To allow for reciprocation of a connection, only the households interviewed were used to construct the village networks. Furthermore, only households that either named a connection within our sample, or were named by a household within our sample were included in the network. Network summary statistics are presented in Table S3 in File S1. The nodes (N = 83) represent households and the edges (N = 124) represent friendship connections between them (Figure 1).

Interviewed households included in the derived networks were compared to interviewed households that were not used to construct the networks and were found to be balanced across a wide range of socio-economic variables except for the number of years the household has been in the village, agricultural occupation, social status, and belonging to the village 26007 (Tables S4–S5 in File S1). We account for this variation in sample selection by including these differences in extended models presented below to show that our findings uphold. To access the study data and code, please refer to the following supplementary information: Study Data S1, and Regressions S1.

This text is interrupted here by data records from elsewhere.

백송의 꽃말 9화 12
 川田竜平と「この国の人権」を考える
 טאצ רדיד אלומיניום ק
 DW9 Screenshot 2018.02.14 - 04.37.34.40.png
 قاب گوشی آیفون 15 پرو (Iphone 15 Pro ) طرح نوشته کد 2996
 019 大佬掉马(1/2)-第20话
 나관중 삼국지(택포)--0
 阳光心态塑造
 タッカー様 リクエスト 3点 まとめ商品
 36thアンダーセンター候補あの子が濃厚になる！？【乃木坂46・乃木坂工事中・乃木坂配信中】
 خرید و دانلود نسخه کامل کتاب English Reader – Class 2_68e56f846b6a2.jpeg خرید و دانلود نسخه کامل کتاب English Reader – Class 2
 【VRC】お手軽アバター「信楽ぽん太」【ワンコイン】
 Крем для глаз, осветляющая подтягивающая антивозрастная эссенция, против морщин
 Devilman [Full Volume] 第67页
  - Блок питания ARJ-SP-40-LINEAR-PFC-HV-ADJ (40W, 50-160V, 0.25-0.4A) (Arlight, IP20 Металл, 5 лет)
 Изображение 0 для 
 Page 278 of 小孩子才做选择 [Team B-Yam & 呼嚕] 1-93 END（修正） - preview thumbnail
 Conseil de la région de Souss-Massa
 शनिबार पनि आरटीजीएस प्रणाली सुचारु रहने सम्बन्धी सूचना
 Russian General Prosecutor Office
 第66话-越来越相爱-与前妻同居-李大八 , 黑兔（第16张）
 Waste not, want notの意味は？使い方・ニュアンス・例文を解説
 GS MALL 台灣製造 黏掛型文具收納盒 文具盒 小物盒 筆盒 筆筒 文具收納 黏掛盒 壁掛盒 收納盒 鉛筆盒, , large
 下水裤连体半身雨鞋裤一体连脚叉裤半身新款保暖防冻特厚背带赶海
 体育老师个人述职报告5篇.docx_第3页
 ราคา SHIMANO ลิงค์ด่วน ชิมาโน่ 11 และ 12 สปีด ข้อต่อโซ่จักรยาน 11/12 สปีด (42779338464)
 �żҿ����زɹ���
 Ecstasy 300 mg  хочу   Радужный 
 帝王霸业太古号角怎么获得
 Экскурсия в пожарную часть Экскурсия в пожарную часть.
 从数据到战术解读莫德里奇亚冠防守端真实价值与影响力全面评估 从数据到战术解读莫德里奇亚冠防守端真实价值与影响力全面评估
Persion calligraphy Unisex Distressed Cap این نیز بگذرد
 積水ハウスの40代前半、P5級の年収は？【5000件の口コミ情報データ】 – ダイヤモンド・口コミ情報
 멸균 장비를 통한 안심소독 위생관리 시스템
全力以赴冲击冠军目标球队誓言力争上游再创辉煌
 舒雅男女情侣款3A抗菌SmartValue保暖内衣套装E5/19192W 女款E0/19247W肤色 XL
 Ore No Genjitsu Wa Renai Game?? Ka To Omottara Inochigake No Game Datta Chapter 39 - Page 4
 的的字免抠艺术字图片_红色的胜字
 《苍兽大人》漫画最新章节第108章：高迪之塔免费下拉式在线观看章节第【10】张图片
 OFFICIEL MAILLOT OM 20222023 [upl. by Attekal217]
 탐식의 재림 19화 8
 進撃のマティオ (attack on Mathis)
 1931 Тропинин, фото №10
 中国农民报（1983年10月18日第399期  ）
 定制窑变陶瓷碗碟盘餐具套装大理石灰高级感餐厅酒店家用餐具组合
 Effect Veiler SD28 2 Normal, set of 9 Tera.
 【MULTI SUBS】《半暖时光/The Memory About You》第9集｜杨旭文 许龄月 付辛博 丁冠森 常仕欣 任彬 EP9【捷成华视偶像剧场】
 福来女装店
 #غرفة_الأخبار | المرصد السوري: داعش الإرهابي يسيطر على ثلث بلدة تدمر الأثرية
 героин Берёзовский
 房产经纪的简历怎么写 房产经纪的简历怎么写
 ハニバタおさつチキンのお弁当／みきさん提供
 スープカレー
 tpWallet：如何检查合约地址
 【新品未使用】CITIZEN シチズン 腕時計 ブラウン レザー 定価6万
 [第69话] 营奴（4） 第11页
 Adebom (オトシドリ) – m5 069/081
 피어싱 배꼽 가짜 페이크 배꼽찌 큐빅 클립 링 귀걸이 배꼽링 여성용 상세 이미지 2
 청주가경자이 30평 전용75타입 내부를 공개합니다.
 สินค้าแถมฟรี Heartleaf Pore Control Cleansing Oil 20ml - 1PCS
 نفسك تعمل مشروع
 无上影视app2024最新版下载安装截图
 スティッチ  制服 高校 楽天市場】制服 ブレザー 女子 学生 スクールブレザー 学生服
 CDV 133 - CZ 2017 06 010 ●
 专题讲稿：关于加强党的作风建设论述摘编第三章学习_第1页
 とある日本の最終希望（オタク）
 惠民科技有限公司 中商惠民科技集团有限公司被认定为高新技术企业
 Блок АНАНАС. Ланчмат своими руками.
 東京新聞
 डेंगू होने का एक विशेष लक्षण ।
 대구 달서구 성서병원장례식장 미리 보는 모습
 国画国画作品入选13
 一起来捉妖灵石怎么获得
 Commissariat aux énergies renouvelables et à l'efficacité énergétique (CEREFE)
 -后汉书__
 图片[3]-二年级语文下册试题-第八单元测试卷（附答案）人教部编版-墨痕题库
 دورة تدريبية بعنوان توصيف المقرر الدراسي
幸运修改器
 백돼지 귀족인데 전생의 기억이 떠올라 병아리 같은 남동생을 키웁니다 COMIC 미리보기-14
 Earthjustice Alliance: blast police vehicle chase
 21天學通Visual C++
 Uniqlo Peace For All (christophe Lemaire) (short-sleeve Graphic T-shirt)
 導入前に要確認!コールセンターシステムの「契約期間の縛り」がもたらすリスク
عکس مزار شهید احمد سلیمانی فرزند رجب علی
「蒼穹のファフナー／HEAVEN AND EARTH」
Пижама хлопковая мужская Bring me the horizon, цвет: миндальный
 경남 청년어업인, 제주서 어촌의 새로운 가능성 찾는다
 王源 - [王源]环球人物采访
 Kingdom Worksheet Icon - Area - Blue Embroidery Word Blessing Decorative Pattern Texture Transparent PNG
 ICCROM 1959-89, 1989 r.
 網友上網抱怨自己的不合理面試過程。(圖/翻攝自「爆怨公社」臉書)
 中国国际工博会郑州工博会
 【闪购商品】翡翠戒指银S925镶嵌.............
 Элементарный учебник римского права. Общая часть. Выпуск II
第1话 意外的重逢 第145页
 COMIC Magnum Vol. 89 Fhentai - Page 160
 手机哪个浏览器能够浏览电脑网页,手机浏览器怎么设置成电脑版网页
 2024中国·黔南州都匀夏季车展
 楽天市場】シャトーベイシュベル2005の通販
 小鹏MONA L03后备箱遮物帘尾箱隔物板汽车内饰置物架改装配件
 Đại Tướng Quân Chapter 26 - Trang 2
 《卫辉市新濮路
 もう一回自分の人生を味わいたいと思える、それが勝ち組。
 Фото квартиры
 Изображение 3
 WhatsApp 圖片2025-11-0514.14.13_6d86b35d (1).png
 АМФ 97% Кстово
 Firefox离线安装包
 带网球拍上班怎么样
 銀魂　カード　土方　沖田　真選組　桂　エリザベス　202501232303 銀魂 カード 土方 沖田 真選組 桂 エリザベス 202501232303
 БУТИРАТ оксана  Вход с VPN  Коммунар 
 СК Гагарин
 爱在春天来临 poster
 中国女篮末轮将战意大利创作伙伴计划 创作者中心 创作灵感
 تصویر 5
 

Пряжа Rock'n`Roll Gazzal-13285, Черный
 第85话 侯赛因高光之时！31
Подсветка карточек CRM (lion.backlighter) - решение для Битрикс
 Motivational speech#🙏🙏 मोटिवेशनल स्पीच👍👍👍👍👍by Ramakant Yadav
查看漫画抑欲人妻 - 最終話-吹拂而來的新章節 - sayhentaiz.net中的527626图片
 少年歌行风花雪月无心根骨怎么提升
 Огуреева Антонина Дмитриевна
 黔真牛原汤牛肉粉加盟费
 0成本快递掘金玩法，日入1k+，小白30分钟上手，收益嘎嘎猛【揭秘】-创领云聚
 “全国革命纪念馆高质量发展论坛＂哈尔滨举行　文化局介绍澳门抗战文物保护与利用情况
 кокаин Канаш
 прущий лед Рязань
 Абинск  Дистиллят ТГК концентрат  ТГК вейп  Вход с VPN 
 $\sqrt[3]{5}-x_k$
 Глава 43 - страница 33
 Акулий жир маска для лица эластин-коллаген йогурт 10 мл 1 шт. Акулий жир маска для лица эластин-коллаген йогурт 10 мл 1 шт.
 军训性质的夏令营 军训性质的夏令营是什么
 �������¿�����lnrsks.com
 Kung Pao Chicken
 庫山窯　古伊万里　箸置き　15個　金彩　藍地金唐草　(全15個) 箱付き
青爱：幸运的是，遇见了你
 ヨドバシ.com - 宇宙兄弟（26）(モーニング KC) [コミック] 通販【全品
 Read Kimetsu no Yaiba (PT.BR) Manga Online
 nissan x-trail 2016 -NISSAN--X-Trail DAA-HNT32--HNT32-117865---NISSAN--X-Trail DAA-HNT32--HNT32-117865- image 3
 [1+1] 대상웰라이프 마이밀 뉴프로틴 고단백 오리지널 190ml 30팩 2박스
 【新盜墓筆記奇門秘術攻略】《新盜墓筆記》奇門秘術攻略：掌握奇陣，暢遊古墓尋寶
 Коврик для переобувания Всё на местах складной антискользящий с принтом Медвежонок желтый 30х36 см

In-degree and betweenness variables

The directed network parameters of betweenness and in-degree were calculated and visualized using the Network Analyzer Plugin from Cytoscape version 2.8.3. We analyze subnetworks where the namers and named fall within the same sample. Both in-degree and betweenness depend on the number of nodes included in the derived network. The subnetworks result in a small number of nodes with many connections (high in-degree) and a small number of nodes with high connectivity (high-betweenness). We examined these properties, which are found in complete named networks [16], to identify trends across seven villages. Further, there is not a clearly defined one-unit increase of betweenness that is comparable to a one-unit increase of in-degree, which is the addition of one friend. Accordingly, we focused on the significance and direction of the coefficients of betweenness and in-degree to explain the associations found in this paper. We find that in-degree and betweenness are correlated, but are not perfectly collinear (Table S6 in File S1), which further supports that each centrality indicator independently explains different health outcomes.

Statistical Analysis

Statistical analyses are conducted using Stata version 12.1. The regressions presented in Tables 12 and Figure 2, use general linear models with iterated least squares maximization and village-level fixed effects. Below, we discuss the relative importance of in-degree and betweenness for various health outcomes in a comparative analysis of regression models containing both variables.

Figure 2. Significant centrality predictor in regressions on health outcomes.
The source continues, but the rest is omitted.